WHAT YOU SHOULD DO: Please restate every record below word for word and skip the pictures.

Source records
○ ○ ○ ○ ○ ○ ○
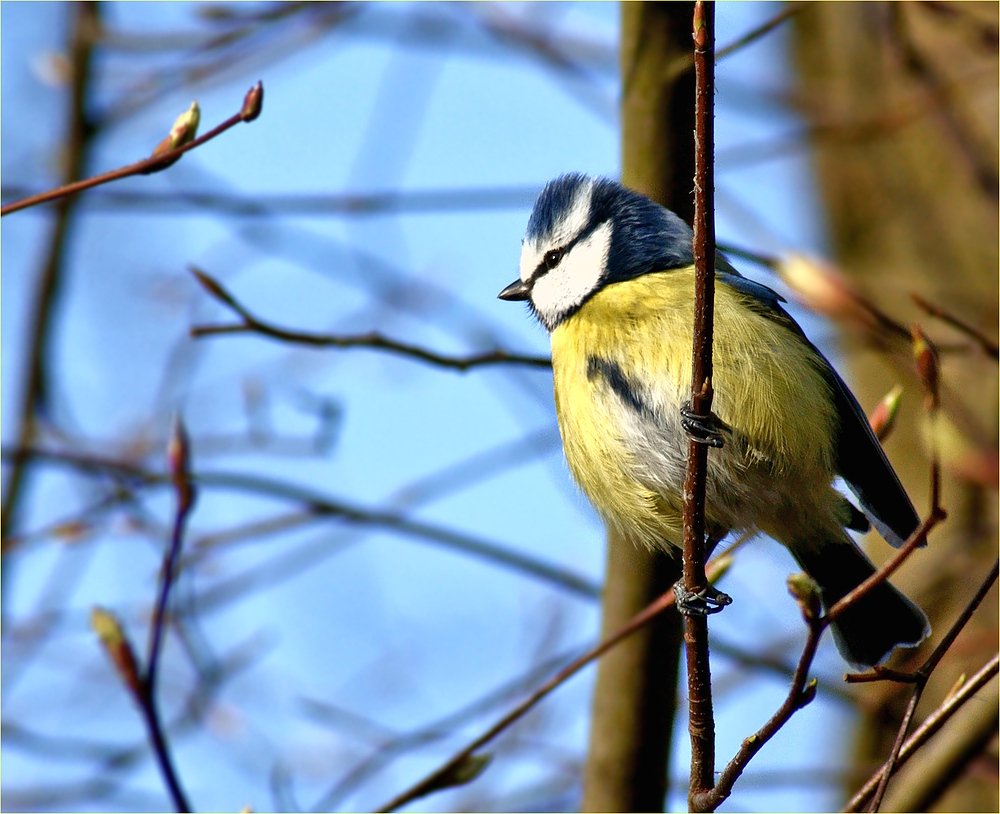 Meine Lieblingsfarbe ist blau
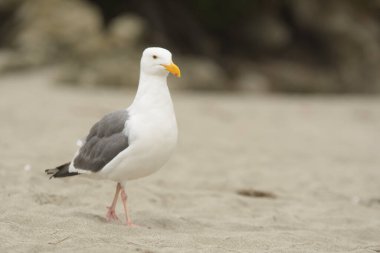 Kıyı şeridindeki kumlu sahilde yürüyen tek beyaz martı.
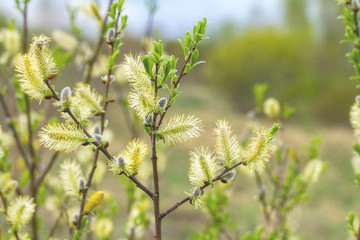pussy willow branches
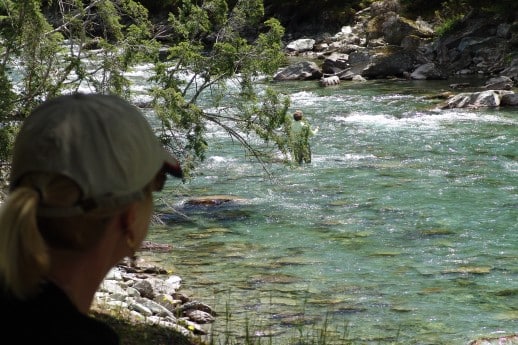 Spotting NZ Trout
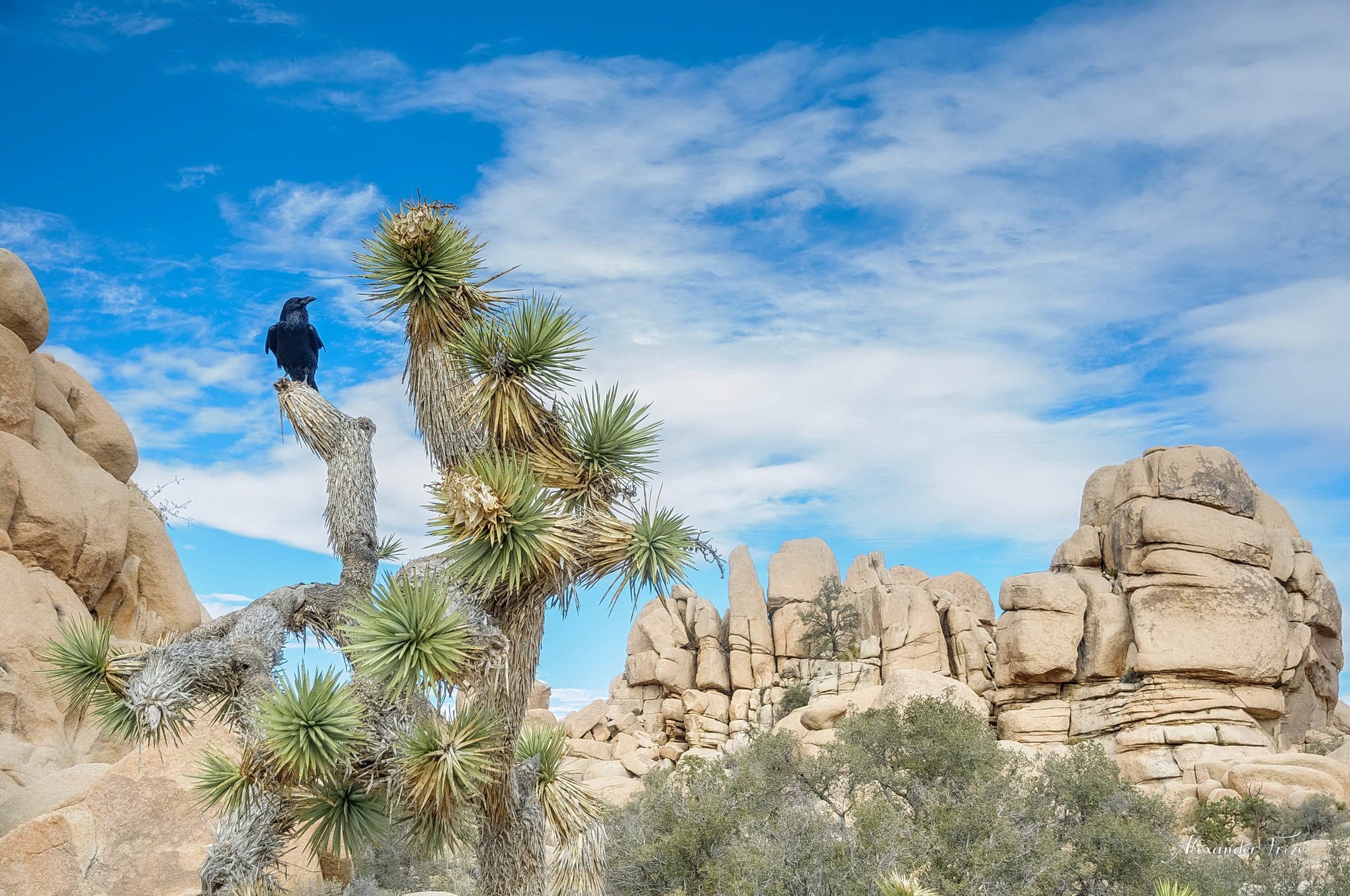 Joshua Tree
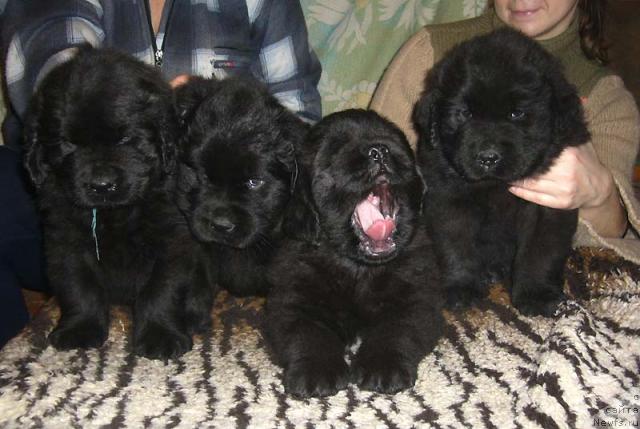 Фото: ньюфаундленд Koldovskaya Lyubov' (Колдовская Любовь), ньюфаундленд Krasivaya Zateya (Красивая Затея), ньюфаундленд Kapitan N'yufort (Капитан Ньюфорт), ньюфаундленд Kudesnik Zvezdnyiy (Кудесник Звездный)
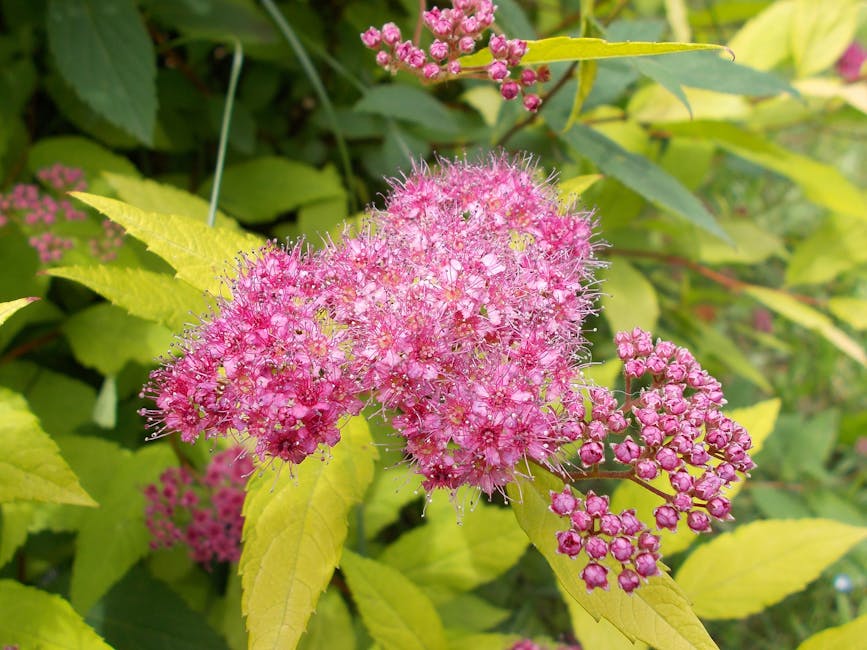 Person reviewing email open rate analytics on a laptop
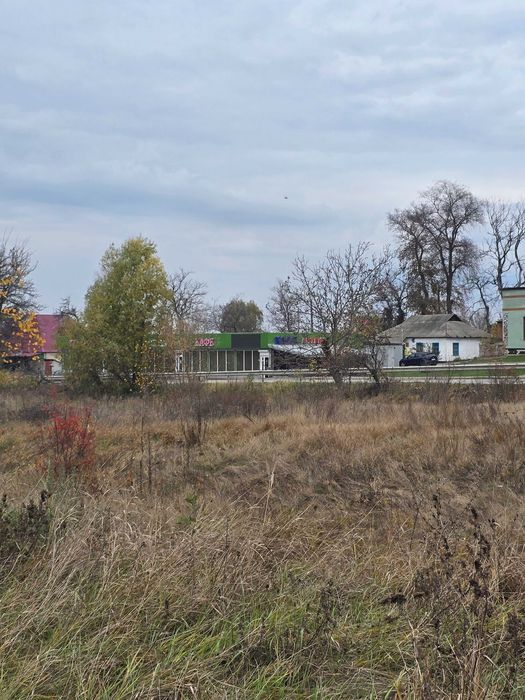 Продаж комерційної ділянки с.Троїцьке 25 соток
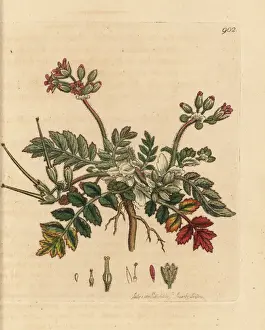Storks Prints: Musky storks bill, Erodium moschatum
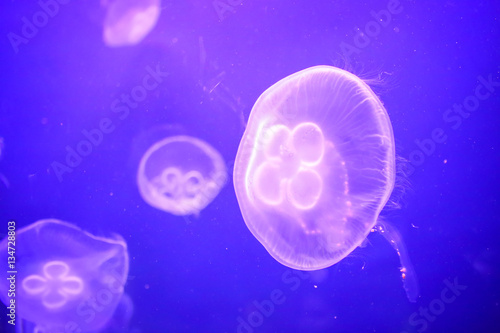 Group of Jelly fish. Shallow focus, debris in water.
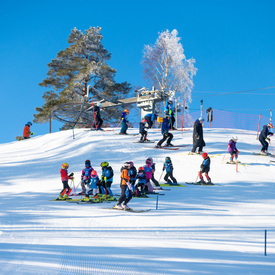 Eesti Noorte Alpisari III etapp, SL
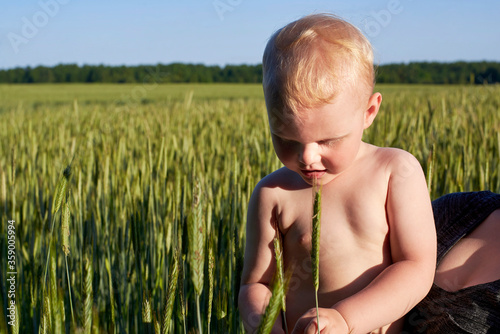 The boy touches the spikelets on a wheat field.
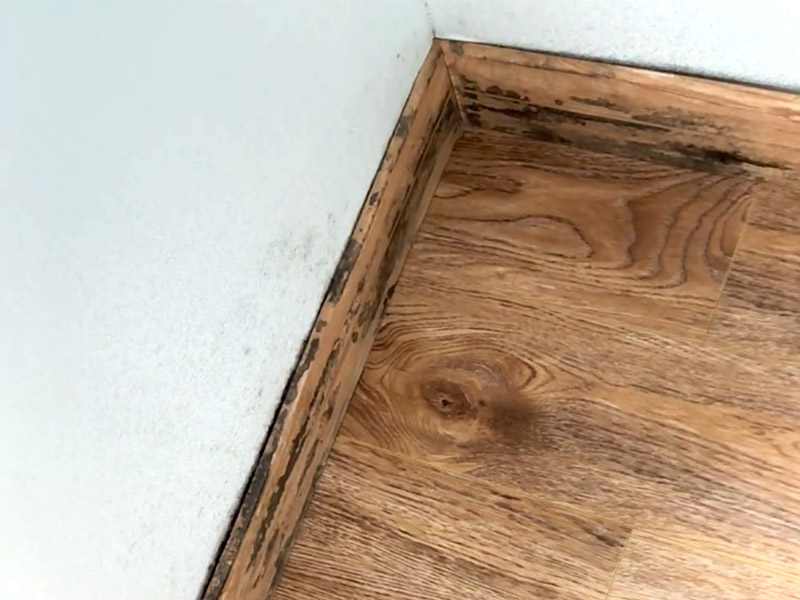 Como remover o mofo dos rodapés?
○ ○ ○ ○ ○ ○ ○
WRITTEN REPLY:
 Meine Lieblingsfarbe ist blau
 Kıyı şeridindeki kumlu sahilde yürüyen tek beyaz martı.
pussy willow branches
 Spotting NZ Trout
 Joshua Tree
 Фото: ньюфаундленд Koldovskaya Lyubov' (Колдовская Любовь), ньюфаундленд Krasivaya Zateya (Красивая Затея), ньюфаундленд Kapitan N'yufort (Капитан Ньюфорт), ньюфаундленд Kudesnik Zvezdnyiy (Кудесник Звездный)
 Person reviewing email open rate analytics on a laptop
 Продаж комерційної ділянки с.Троїцьке 25 соток
Storks Prints: Musky storks bill, Erodium moschatum
 Group of Jelly fish. Shallow focus, debris in water.
 Eesti Noorte Alpisari III etapp, SL
 The boy touches the spikelets on a wheat field.
 Como remover o mofo dos rodapés?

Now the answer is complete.